▶ _Dataset content_:
• • • • •
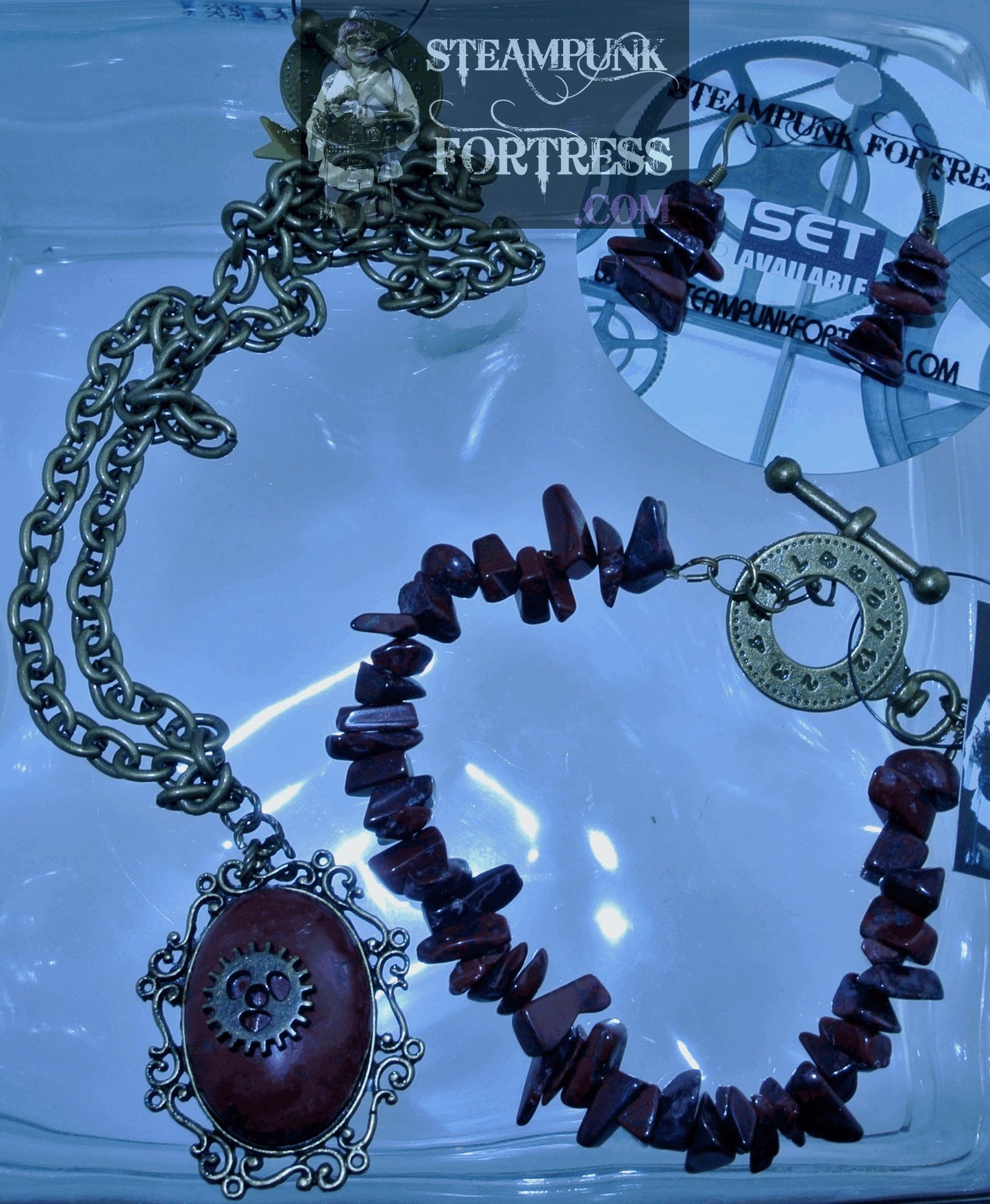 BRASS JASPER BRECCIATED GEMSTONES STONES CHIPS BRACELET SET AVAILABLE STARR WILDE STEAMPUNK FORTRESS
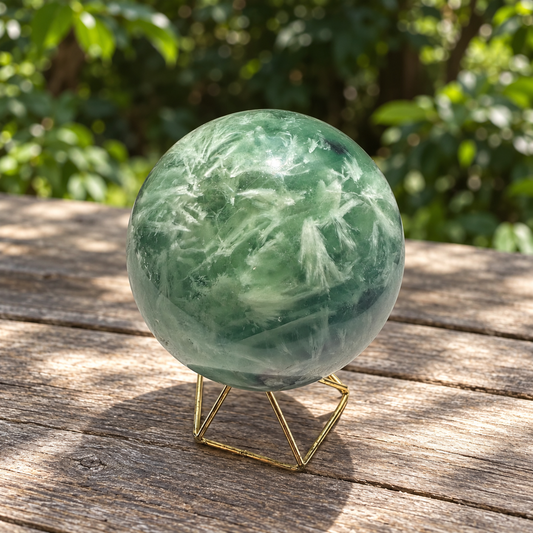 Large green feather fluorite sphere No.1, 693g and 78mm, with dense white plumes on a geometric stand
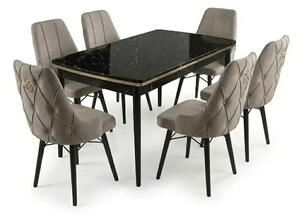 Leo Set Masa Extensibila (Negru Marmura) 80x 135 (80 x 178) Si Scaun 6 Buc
• • • • •
▶ _Required action_:
Your reply should hold every line of the material, unaltered, and not one picture.

▶ _Reply to the task_:
 BRASS JASPER BRECCIATED GEMSTONES STONES CHIPS BRACELET SET AVAILABLE STARR WILDE STEAMPUNK FORTRESS
 Large green feather fluorite sphere No.1, 693g and 78mm, with dense white plumes on a geometric stand
 Leo Set Masa Extensibila (Negru Marmura) 80x 135 (80 x 178) Si Scaun 6 Buc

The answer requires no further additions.